The companies decided to challenge the law in court. Among the plaintiff’s many rational arguments was their primary claim that it violated the right to privacy under the 14th Amendment. The federal judge ruled against the plaintiffs, and they promptly appealed. Enter solicitor general Ted Cruz and his fellow defenders of the law (as interpreted by the patriarchy).

The year was now 2007. Cruz's team of legal beagles produced a 76-page rationale for why the law should stand. Working on behalf of Attorney General (turned governor) Greg Abbott, the document called on the U.S. Fifth Circuit Court of Appeals to uphold the lower court's 2004 decision. Cruz and his cohorts essentially argued that Texans were free to use sex toys in the privacy of their own homes; they just didn’t have a right to buy them. One of the many gems to be found in the document was that it was in the government’s interest to discourage “autonomous sex.”

Rationality prevailed and the ruling was struck down 2-1 by the court of appeals. The court eviscerated Cruz’s legal defense team, particularly its football field-length stretch comparing the sale of dildos to soliciting sex. "The sale of a device that an individual may choose to use during intimate conduct with a partner in the home is not the 'sale of sex' (prostitution),” the court stated.

Despite this definitive defeat, Cruz and Abbott were unwilling to give up.

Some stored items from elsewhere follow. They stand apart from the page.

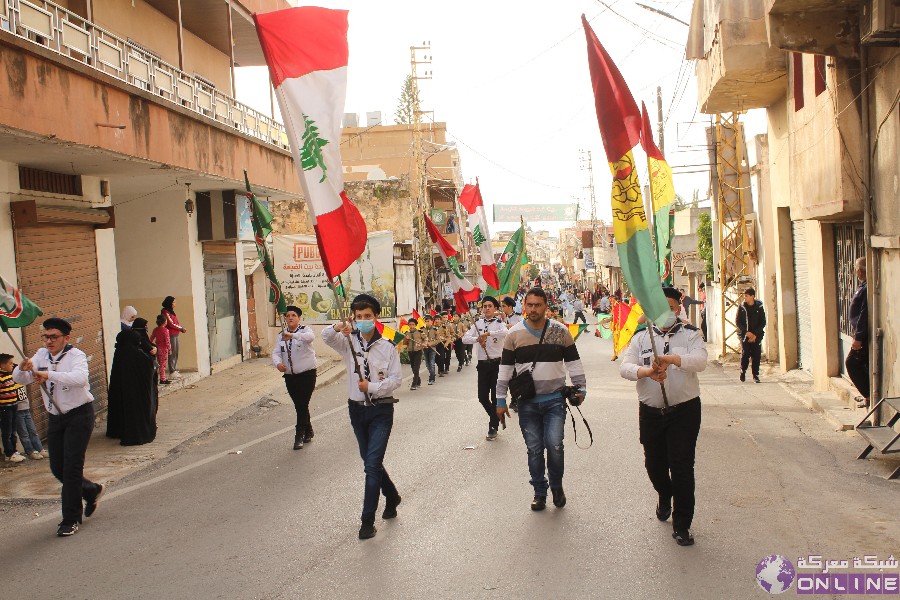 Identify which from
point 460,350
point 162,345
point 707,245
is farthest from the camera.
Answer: point 707,245

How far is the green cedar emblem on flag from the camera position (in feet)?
23.3

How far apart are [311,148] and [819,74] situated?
8.33 metres

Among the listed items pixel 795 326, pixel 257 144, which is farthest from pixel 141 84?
pixel 795 326

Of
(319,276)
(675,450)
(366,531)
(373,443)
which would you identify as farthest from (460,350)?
(675,450)

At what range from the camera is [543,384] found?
22.9 feet

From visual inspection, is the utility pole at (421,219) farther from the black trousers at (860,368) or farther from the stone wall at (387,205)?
the black trousers at (860,368)

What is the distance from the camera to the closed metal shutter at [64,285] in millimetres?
11492

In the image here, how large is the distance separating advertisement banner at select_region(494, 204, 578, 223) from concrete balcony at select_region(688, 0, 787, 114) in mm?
85426

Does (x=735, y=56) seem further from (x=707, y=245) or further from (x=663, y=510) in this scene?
(x=707, y=245)

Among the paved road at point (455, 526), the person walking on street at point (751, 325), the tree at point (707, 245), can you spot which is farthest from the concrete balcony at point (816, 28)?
the tree at point (707, 245)

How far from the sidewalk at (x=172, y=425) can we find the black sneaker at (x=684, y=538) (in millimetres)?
6042

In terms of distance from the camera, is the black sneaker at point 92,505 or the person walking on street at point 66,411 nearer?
the person walking on street at point 66,411

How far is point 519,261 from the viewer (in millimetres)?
19406

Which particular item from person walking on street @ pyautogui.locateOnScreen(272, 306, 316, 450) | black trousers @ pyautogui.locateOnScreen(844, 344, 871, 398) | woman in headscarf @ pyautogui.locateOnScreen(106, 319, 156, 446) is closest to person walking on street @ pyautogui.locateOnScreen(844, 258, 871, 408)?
black trousers @ pyautogui.locateOnScreen(844, 344, 871, 398)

By this point though, with all the puritanical concerns over masturbation, the battle began to stink of classic Cruz overcompensation.

If any further proof of this is needed, take it from Cruz's former college roommate, the screenwriter Craig Mazin, who after hearing of the dildo debacle took to Twitter with this hillarious zinger:

Needless to say following an attempt to take the matter to the Supreme Court, Ted Cruz finally did call it quits. The law had been overturned and with it came the freedom for men and women throughout Texas (as well as Mississippi and Louisiana) to purchase all manners of devices that tickled their fancy.